▸ Exercise aim: Begin at the first line of the data and copy each line through the one containing "May include: A", that line included, with no pictures.

▸ Task material:

■ ■ ■ ■ ■

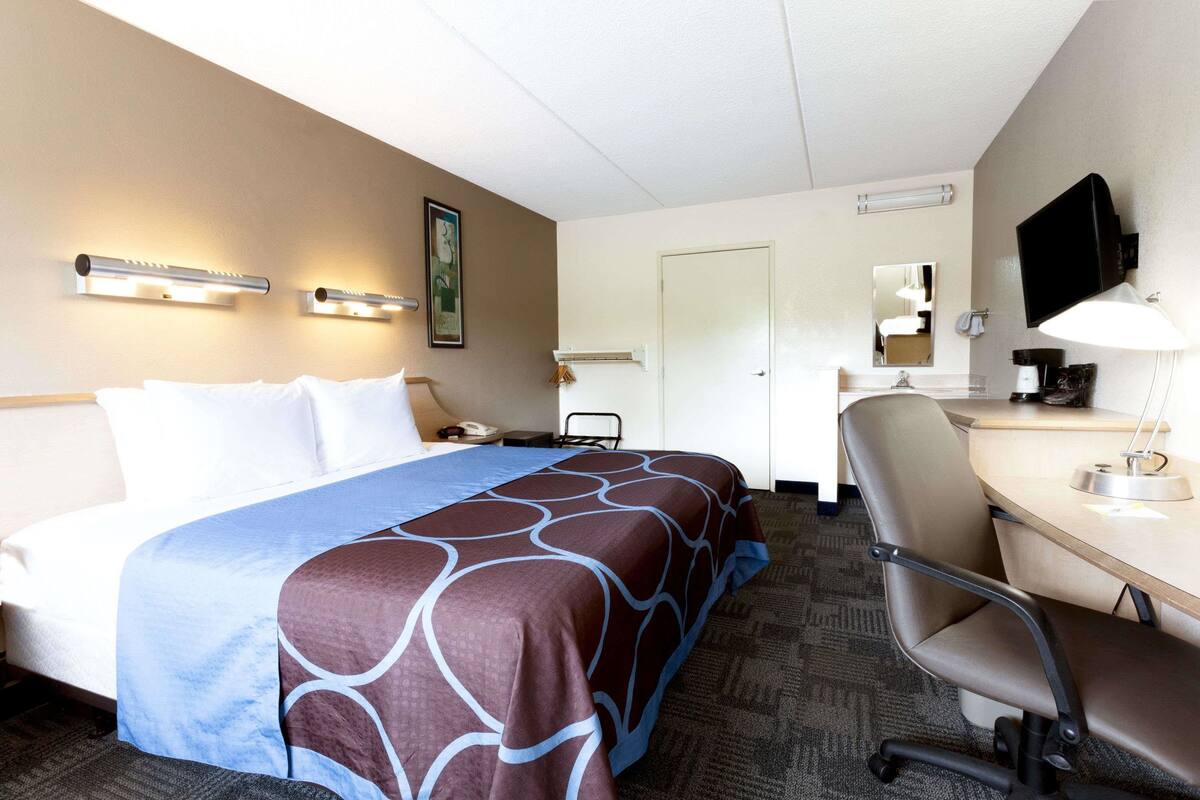 A hotel room with a bed, a desk, a chair, a television, and a mirror.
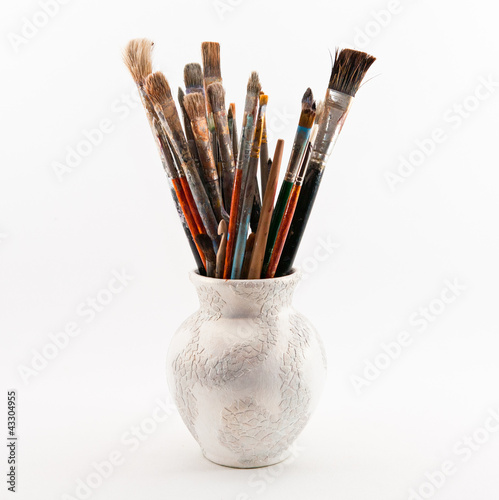 jug with brushes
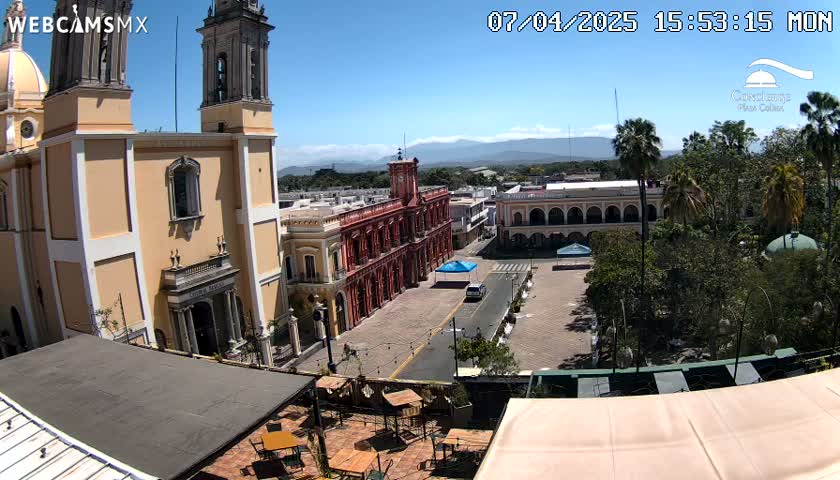 A sunny view of a town square with a large church and colonial-style buildings, surrounded by lush green trees and mountains in the distance.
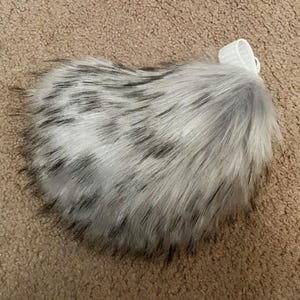 May include: A fluffy gray and black faux fur tail with a white elastic band.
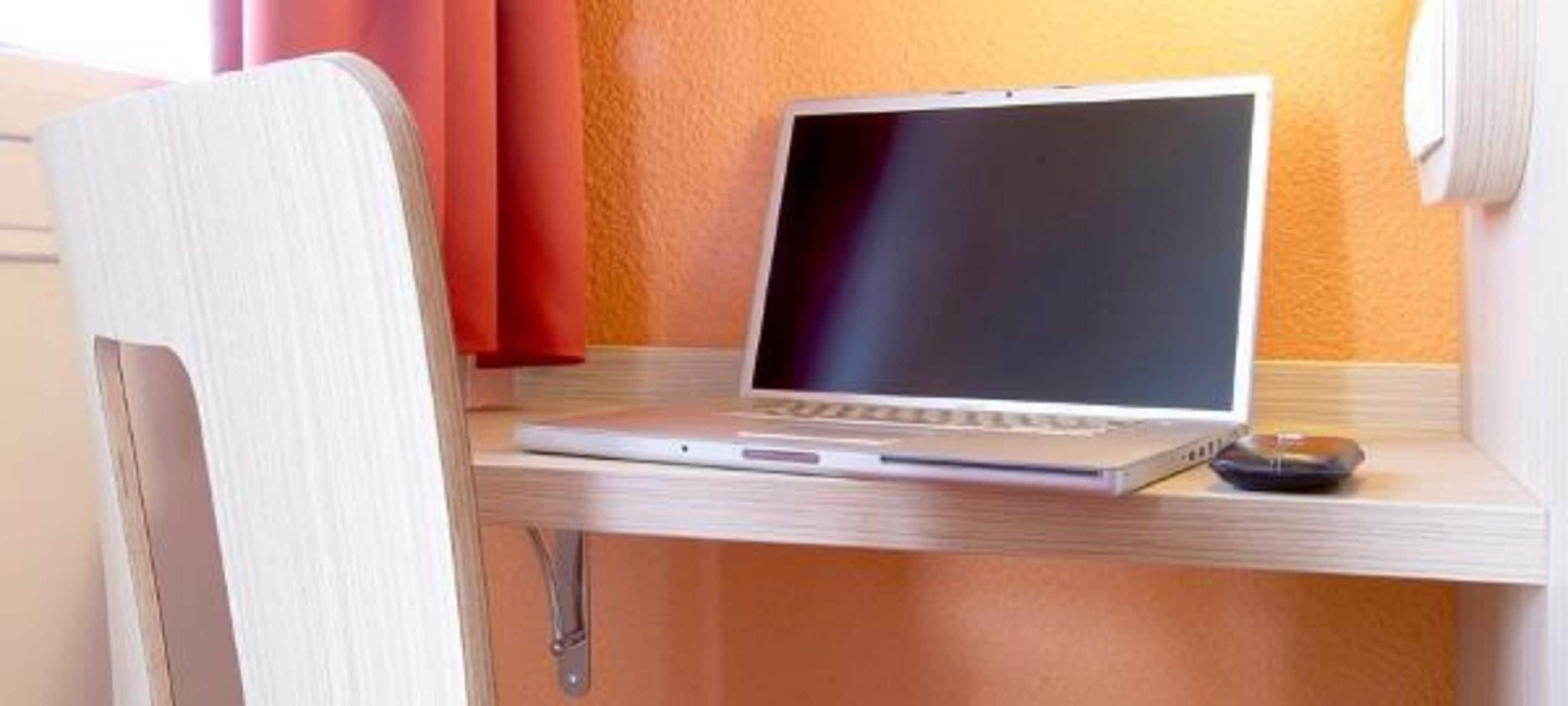 Una computadora portátil sobre un escritorio de madera con una silla.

■ ■ ■ ■ ■

▸ Output of the task:
 A hotel room with a bed, a desk, a chair, a television, and a mirror.
 jug with brushes
 A sunny view of a town square with a large church and colonial-style buildings, surrounded by lush green trees and mountains in the distance.
 May include: A fluffy gray and black faux fur tail with a white elastic band.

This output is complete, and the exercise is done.